(Source data)
——————————
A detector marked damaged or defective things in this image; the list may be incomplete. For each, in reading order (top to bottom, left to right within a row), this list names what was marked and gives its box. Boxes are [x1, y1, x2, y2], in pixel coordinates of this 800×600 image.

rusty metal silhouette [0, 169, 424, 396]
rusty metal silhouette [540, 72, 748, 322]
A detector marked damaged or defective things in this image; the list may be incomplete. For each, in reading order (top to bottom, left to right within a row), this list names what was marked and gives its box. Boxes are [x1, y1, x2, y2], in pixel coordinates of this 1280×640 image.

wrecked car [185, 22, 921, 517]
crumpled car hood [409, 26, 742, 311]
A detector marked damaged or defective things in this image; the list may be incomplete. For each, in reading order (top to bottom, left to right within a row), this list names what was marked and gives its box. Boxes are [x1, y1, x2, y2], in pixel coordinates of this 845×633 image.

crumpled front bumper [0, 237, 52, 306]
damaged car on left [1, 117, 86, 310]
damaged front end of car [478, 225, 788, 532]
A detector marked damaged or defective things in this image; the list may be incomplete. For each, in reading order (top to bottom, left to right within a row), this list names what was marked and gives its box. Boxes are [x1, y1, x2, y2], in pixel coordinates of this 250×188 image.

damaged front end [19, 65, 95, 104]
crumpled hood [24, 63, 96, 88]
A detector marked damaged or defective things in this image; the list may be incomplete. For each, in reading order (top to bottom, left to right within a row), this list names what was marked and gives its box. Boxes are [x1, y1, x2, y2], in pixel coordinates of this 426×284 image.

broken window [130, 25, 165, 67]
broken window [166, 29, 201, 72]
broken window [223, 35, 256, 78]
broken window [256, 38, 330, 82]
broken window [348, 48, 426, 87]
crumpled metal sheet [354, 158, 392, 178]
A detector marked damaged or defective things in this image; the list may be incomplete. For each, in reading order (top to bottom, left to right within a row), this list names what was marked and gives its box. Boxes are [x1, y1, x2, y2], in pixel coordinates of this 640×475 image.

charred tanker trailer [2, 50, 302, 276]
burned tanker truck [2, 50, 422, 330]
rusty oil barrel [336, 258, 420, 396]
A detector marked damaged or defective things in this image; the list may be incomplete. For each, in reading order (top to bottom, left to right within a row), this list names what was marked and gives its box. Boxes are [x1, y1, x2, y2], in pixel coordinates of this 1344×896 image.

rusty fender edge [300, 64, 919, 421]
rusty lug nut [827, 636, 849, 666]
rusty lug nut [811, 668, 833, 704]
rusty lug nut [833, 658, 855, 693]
——————————
Working down from the line that contains "this 640×475 image.", retype each line exactly through the last line of the data, and give nothing else.

A detector marked damaged or defective things in this image; the list may be incomplete. For each, in reading order (top to bottom, left to right within a row), this list names what was marked and gives its box. Boxes are [x1, y1, x2, y2], in pixel coordinates of this 640×475 image.

charred tanker trailer [2, 50, 302, 276]
burned tanker truck [2, 50, 422, 330]
rusty oil barrel [336, 258, 420, 396]
A detector marked damaged or defective things in this image; the list may be incomplete. For each, in reading order (top to bottom, left to right within a row), this list names what was marked and gives its box. Boxes are [x1, y1, x2, y2], in pixel coordinates of this 1344×896 image.

rusty fender edge [300, 64, 919, 421]
rusty lug nut [827, 636, 849, 666]
rusty lug nut [811, 668, 833, 704]
rusty lug nut [833, 658, 855, 693]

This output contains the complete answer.